Voilà une bonne question, que 99% de la population ne s’est pourtant jamais posée. Comment lui en faire le reproche, car il faut être historien, archéologue ou reconstituteurs pour y trouver de l’intérêt. La réponse est multiple en réalité, et ne manque pas de piquant !
La première idée qui nous vient est assez logique. Une lance doit pouvoir être plantée dans le sol quand le soldat fait halte. Ainsi, il n’est pas obligé de se baisser pour la ramasser. On pourrait alors se dire qu’il suffirait de la planter avec la pointe supérieure, en fer ou en bronze, qui sert d’ordinaire à attaquer l’ennemi. Bien sûr c’est possible, mais cela risquerait d’endommager ce fer de lance s’il rencontrait un cailloux. Une arme doit être préservée et entretenue pour être efficace le moment venu.
La deuxième raison qui incita les guerriers antiques à munir leur lance d’un talon, ce fut pour l’équilibrer. En effet, plus la lance est longue, plus elle aura tendance à piquer du nez sous son propre poids quand elle sera tenue à l’horizontale, face à l’adversaire. Un contrepoids fixé à l’arrière de la lance allège sensiblement l’effort de la tenir en main, ou sous le bras. Toutes les lances n’ont on pas été pourvu, car leur longueur réduite ne l’exigeait pas.

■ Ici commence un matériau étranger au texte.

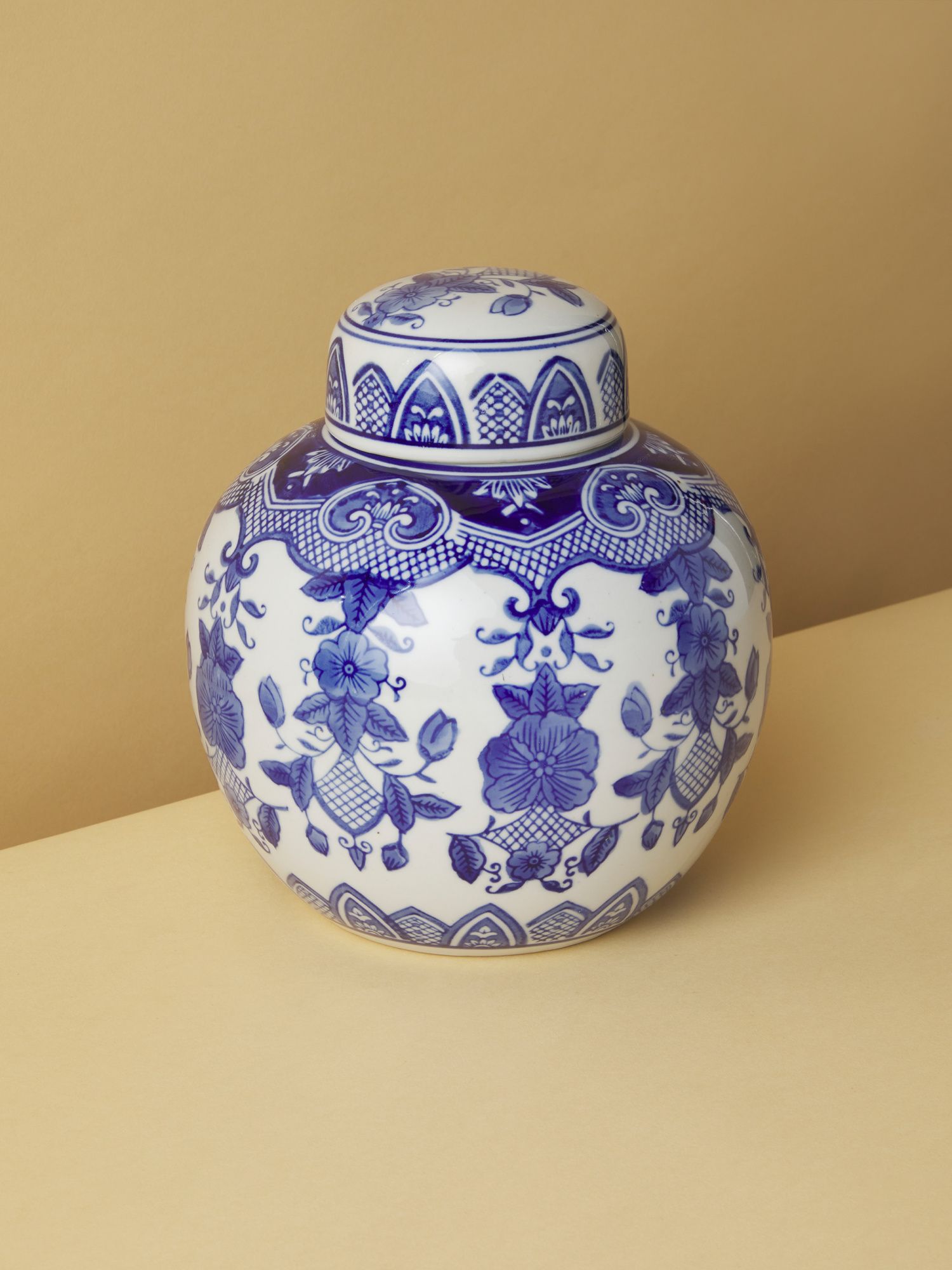 8in Ceramic Chinoiserie Vase With Lid | Decorative Objects | HomeGoods | HomeGoods
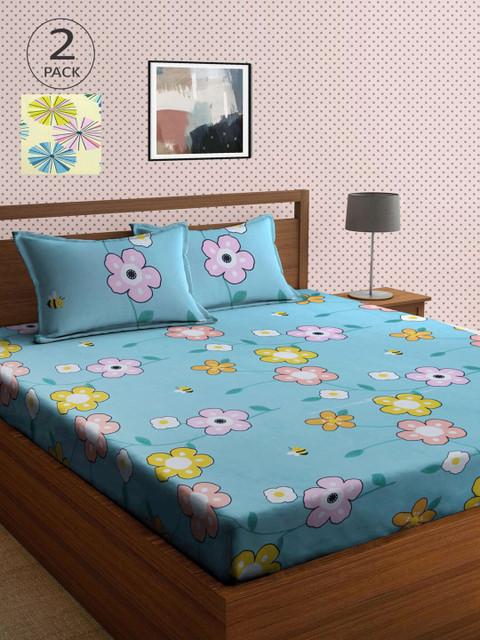 

KLOTTHE Set Of 2 210TC Double King Bedsheets With 4 Pillow Covers, Yellow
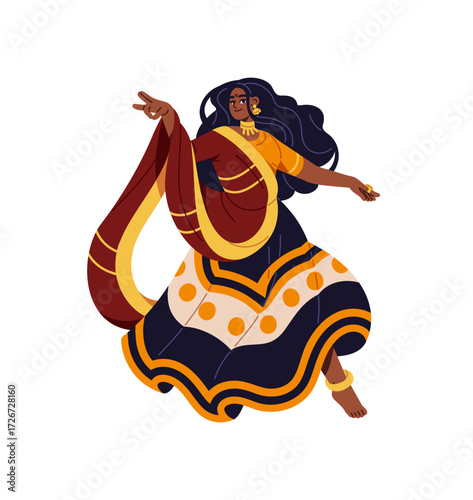 Indian dancer in national dress, sari performs ethnic dances. Woman with traditional jewelry, clothes moves in Bharatanatyam. Culture of India. Flat isolated vector illustration on white background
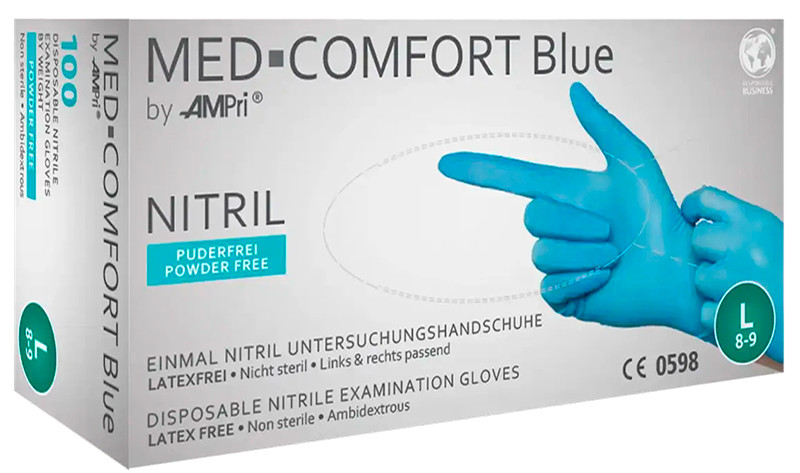 Рукавички нітрилові неопудрені синій металік L EpidermProtect Med-Comfort, 100 шт
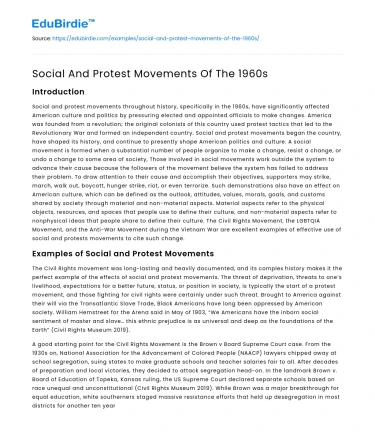 Social And Protest Movements Of The 1960s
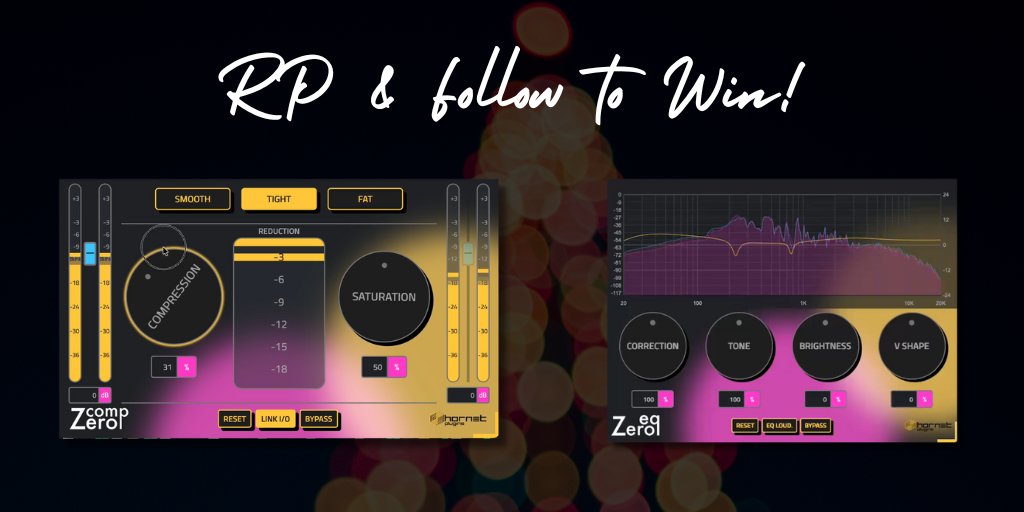 plugindeals's tweet image. REPOST &amp;amp; FOLLOW @plugindeals and @hornetplugins to WIN the ZeroEQ &amp;amp; ZeroComp bundle offered by HoRNet Plugins 🎅 

🎄 hornetplugins.com

1 Winner chosen January 3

Les soldats perses figurés sur les murs de briques vernissées de Persépolis avaient aussi un lest, mais sphérique. Il ne pouvait pas être planté en terre, ce qui n’avait pas grand intérêt pour le service de garde au palais. Nous connaissons aussi des talons (que les Grecs appelaient « sauroters ») très massifs, à ailettes, pour équilibrer les longues sarisses macédoniennes qui pouvaient mesurer jusqu’à 5 ou 6 m.
Les découvertes archéologiques de la haute-Antiquité montrent des douilles prolongées par des pointes fines, pyramidales le plus souvent, mais parfois coniques. Elles sont généralement en bronze (métal qui ne rouille pas), parfois gravées d’une inscription. Il y a parfois une gorge surmontée d’un anneau plus large que la douille, peut-être pour éviter que la lance ne soit plantée trop profondément en terre, au risque de ne pouvoir être retirée ; une sorte d’arrêtoir en quelque sorte.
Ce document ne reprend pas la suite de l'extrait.